So went back over this list to get ideas from you guys. Since I started this thread I did buy a battery powered backpack sprayer. I went with the 20v Chapin. Since then I've read a bunch of negative reviews on it and kind of have buyers remorse. I've only used it once, spot sprayed some Post-em the other day. Pretty sure it was leaking out the top as my back was getting wet. I wouldn't be surprised if by fall I make this my backup sprayer and buy something better. On my short list is the Sprayers Plus, Strom, My4Sons, and what ever else gets good reviews on here between now and then lol.

Also when my current Husqvarna trimmer craps the bed, I will look into the Echo or Stihl multi-tool setup. My local dealer sells both Stihl and Echo so not sure what product is better or if they about the same. Probably like a lot of things and just personal preference.

Outside of that no major upgrades planned. Eventually might have to upgrade my spreader to a Lesco or Spyker but my Earthway gets the job done for now.

Any other items you guys want to add to the list since last year?


----------



## jdc_lawnguy (Oct 30, 2018)

I have the echo pas and I need to add a hedge trimmer to it in the near term. My hydrangea trees need a trim.

Echo 99944200486 Hedge Clipper Attachment, 50 In. https://www.amazon.com/dp/B0073W5FFI/ref=cm_sw_r_cp_api_i_8hPRCbFGW2B8R

I picked up a used Lesco Spreader and Gregson and Clark Spreadermate around. Christmas. I just bought a new pump for it.

https://www.gregsonclark.com/Spreader-Mate-s/112.htm

I also just got a Gorilla Cart for my approaching birthday.

https://gorillacarts.com/product/gor6ps-gor6ps-c/

I am taking over my mosquito and tick control this year.
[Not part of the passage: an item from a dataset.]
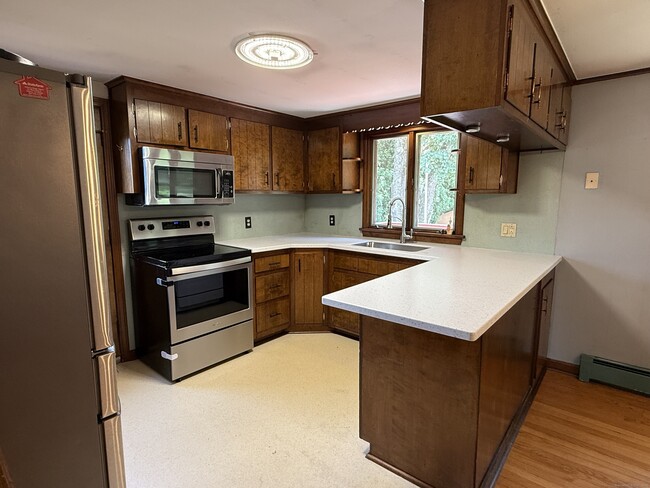 Building Photo - 73 Driscoll Dr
I plan on using a small sprayer I already have, but if it proves ineffective I will pick up a Stihl SR200

https://www.stihlusa.com/products/sprayers/backpack-sprayers/sr200/


----------



## FlowRider (Apr 7, 2019)

Honda Rincon ATV with a swiveling pivoting landscape dump cart.

Hauls all my tools, mulch, soil, bags of clippings, rocks, and me.

And it won't rip up your turf if you ride it sensibly. Can take your spouse and/or your dog for a ride with you.

Plus it even wheelies over fallen trees laying across trails in the woods. Once your done with your yard work.

My favorite tool, by a country mile!


----------



## Hexadecimal 00FF00 (Sep 20, 2018)

Forster Coax reloading press.

== Edit ==
Oops, I think the desired answer is lawn/garden/landscape/etc related in which case I guess it's my chainsaw or Rachio irrigation controller.


----------



## Paul M (Sep 2, 2018)

1. My McLane edger
2. My Stihl FS110R string trimmer


----------